Pressure is mounting for the US government to act soon to prevent a recession.

SOURCE: Bureau of Labor Statistics /Rich Clabaugh–STAFF

Economic troubles are spreading beyond the US housing market, putting pressure on President Bush and other policymakers to try to prevent a recession.

What they do – or don't do – could have far-reaching implications: from the performance of the economy itself to GOP election prospects to Mr. Bush's own economic legacy. But any such efforts face two large hurdles. First, it is hard for policy to exert a rapid influence on the overall economy. Second, the president has less room to maneuver than in 2001, when he faced a similar slowdown. Then, federal budget surpluses allowed him to push through a tax cut with relative ease; now, he would need to convince a Democratic Congress either to expand the deficit or agree on how to offset the costs in the future. Still, the latest evidence suggests that the federal government must consider doing something.

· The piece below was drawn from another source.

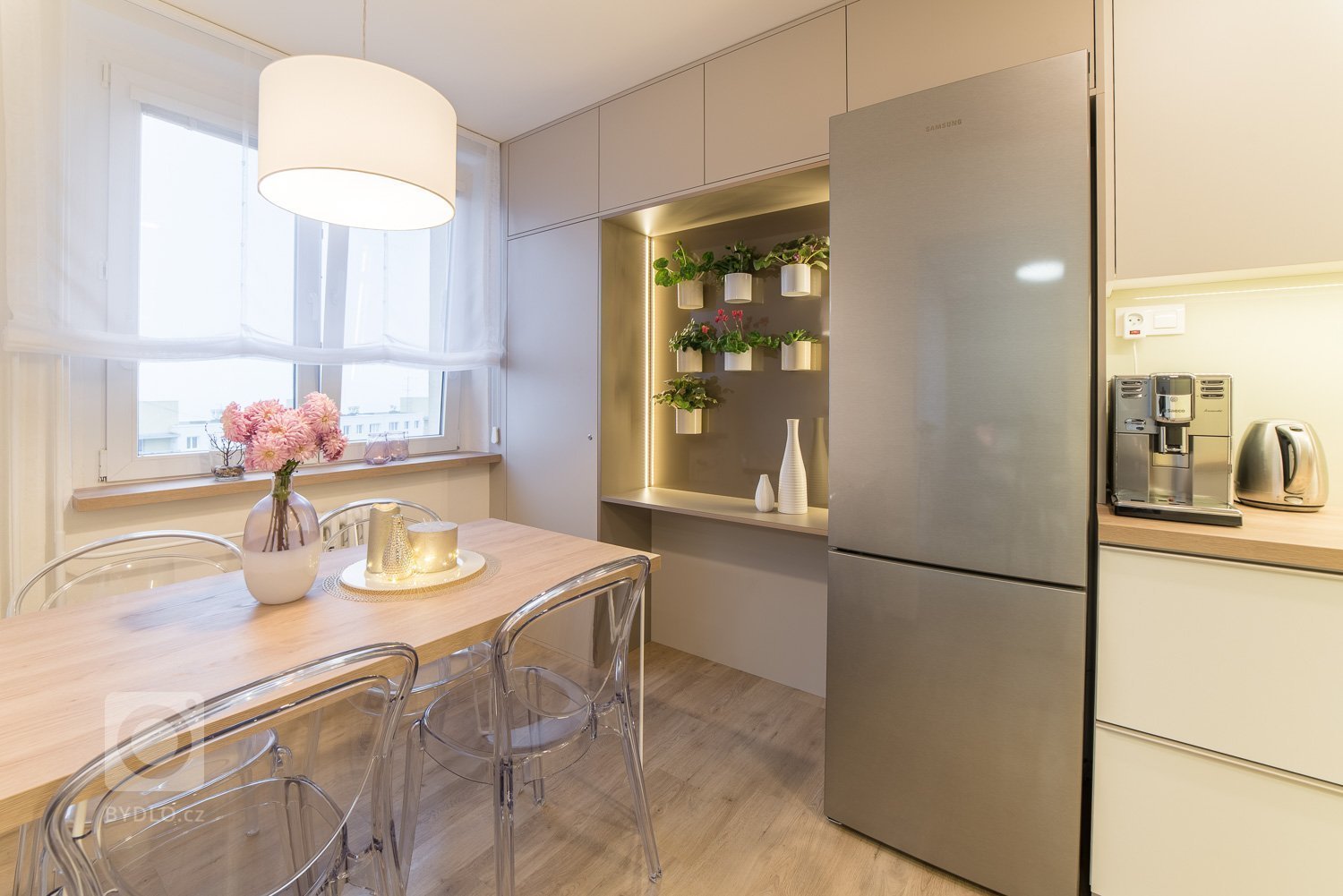 Rekonstrukce panelového bytu&nbsp; - vše ve světlých neutrálních tónech a čistých liniích. Hlavním cílem bylo místnosti co nejvíce sjednotit a provzdušnit.
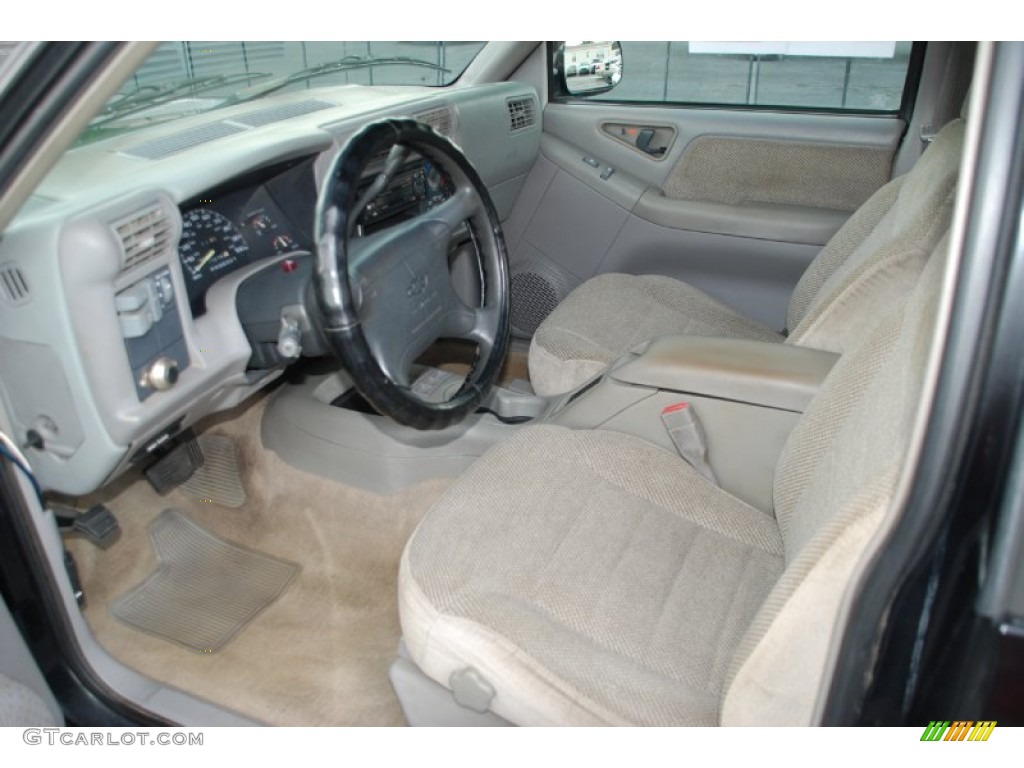 Gray Interior 1995 Chevrolet S10 LS Extended Cab Photo #55970262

Unemployment jumped to 5 percent of the labor force in a report released Friday. That's up from 4.7 percent the month before. In a disturbing parallel shift, private-sector job creation turned negative for the month. If that weakness persists and worsens, it would echo what happened the last time the US entered a recession, in 2001.

The slack job market creates an atmosphere of urgency for the president.

"The reports put the administration in rather a bad position," says J.D. Foster, a senior fellow at the conservative Heritage Foundation in Washington. "They don't want to fall into the trap" of appearing complacent.

Yet by considering action, the Bush team could raise public hopes for more than Washington may be able to deliver.

One key policy lever today is monetary. For several months, the Federal Reserve has been cutting short-term interest rates, and now more such cuts are expected. But economists say that it often takes six months or more for such moves by the Fed to have an impact.

Another lever – the one controlled by Congress and the president – involves "fiscal stimulus," such as tax cuts or government spending. Here, economists say the effects can sometimes be quick. But the process of legislation and implementation often takes considerable time.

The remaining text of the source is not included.